= Ocooch Mountains =

Region in Wisconsin

Ocooch Mountains are a place name for the Western Upland area of Wisconsin also known as the Driftless Region, meaning un-glaciated, lacking glacial drift or the Paleozoic Plateau, referring to a geologic era, Greek for "ancient life".

== Geology ==
The lack of glaciated terrain accounts for high hills, bluffs, and ridges. The Chippewa, Black, La Crosse, Kickapoo, Baraboo, Lemonweir, Pine, Wisconsin, Grant, Platte and Pecatonia rivers and their tributaries create deeply eroded valleys that contrast the nearby peaks. One dramatic example is Wildcat Mountain State Park. The Baraboo Range anchors the eastern edge where the Wisconsin River turns and runs through the area to the Mississippi River. The Baraboo Range is a monadnock in Sauk and Columbia Counties and a National Natural Landmark formed 1.6 billion years ago featuring Devil's Lake, an endorheic lake.

== Naming ==

=== Edwin James ===
Its first use appears to have been in Edwin James' three-volume work, "An Account of an Expedition from Pittsburgh to the Rocky Mountains, Performed in the Years 1819, 1820... under the Command of Maj. S.H. Long" (London, 1823). James wrote, "The only hills worthy of particular notice, not only in this variety, but in the whole section under consideration, are the Ocooch and Smokey mountains, which are broad and elevated ridges rather than mountains. The former is situated about twelve miles north of the Wisconsin one hundred miles above its mouth..." He later says, "The third is a range of hilly and broken country, commencing on the Wisconsin near the Portage, and extending northwardly to Lake Superior. To this range we have taken the liberty to give the name of the Wisconsin Hills. The Ocooch and Smoke Mountains before mentioned, are connected with this range." James's description suggests that the term Ocooch was used only for the southernmost portion of the Wisconsin Western Uplands.

=== Stephen Long ===
Three years later, Maj. Stephen Long led a second expedition, this time into the upper Mississippi Valley. It was described in William Keating's "Narrative of an Expedition to the Source of St. Peter's River" (London, 1825). In volume two, page 214, Keating wrote of western Wisconsin, "To this region the name of the Wisconsin Hills has been given, which are terminated on the south by the Ocooch and Smoky Mountains, whose altitude is about twelve hundred feet above the common level, or two thousand feet above tide water. Its aspect is exceedingly diversified by hills and vallies, the former of which are high and rugged, supporting a heavy growth of pine, &c. while the latter often present extensive flats, abounding in lakes, swamps, and ponds, yielding wild rice in great abundance and perfection."

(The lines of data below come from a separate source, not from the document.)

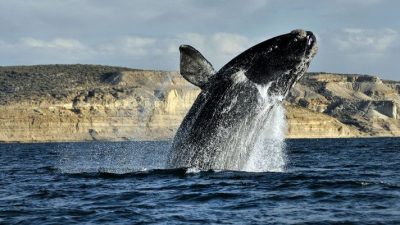 Llegaron las primeras ballenas a Península Valdés: ¿arranca la temporada turística?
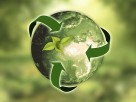 Green Insurance Group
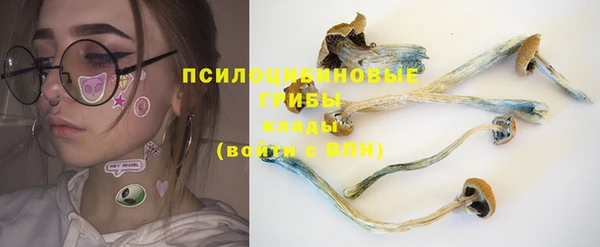 прущие грибы Нягань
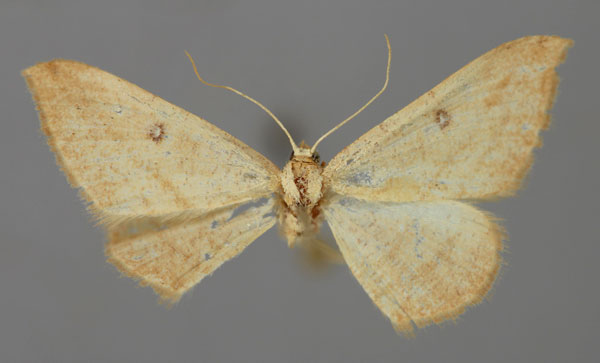 /filer/webapps/moths/media/images/R/rufistrigata_Pseudosterrha_ZSM_01.jpg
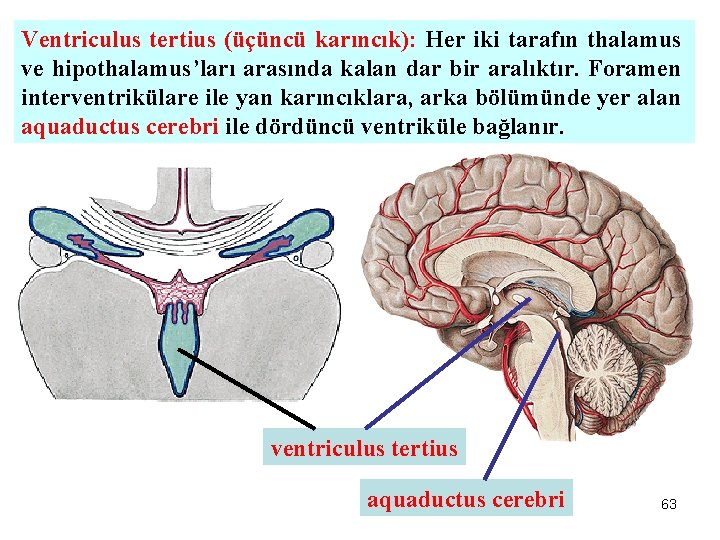 Ventriculus tertius (üçüncü karıncık): Her iki tarafın thalamus ve hipothalamus’ları arasında kalan dar bir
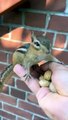 The cute chipmunk is eating peanuts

=== Keating and Hachures ===
Keating's report on the 1823 Long expedition included a "Map of the country embracing the route of the expedition of 1823 commanded by Major S.H. Long". The name Ocooch is placed on this map approximately where the Baraboo Hills are located.

Hachures extend the range to the north and northwest, but the implication is that the name Ocooch applied only to its southernmost end.

=== Baldwin and Craddock ===
An 1833 map, "Northwest and Michigan Territories" issued by Baldwin and Craddock for the Society for the Diffusion of Useful Knowledge also depicted the western highlands of Wisconsin. Unlike James and Keating, it placed the label Ocooch Mountains further north, at the headwaters of the Black, La Crosse, Kickapoo and Pine rivers. It showed the range running roughly north-northeast through modern La Crosse, Jackson, Clark and Taylor counties.

== Etymology ==
The vowels and consonants of Ocooch and their order are correct for the Ioway language, a Siouan language. The Ho Chunk, a related Native American tribe, called them a name phonetically similar to Ocooch, waxoj, pronounced WAH-KOH-CH(e). The Ioway-Otoe-Missouria emerged from the Oneota cultural group in western Wisconsin. Evidence of their presence is found throughout the Wisconsin Western Uplands as far north as Lake Pepin, and Red Wing, Minnesota, over to Effigy Mounds National Monument, the Upper Iowa River, and La Crosse, Wisconsin dated from AD 900 to 1700. Decimated by epidemics, the Ioway left the area after the Otoe-Missouria and as the Algonquin language-speaking Sauk, Meskwaki and Kickapoo peoples came from Michigan fleeing the Iroquois as a result of the French and Indian Wars, or Beaver Wars. Ocooch Mountains written in current Ioway tribal orthography "Paxochi Ahema'shi," pronounced as PAH-ko-chee ah-hay-MAH-shee” means "Mountains of Snowy Lodges." In addition, the phonetically similar Ho Chunk name for the Baraboo and Trempealeau rivers was Hoguc (Ho gooch), or Hocooch, "Spear Fishing Waters".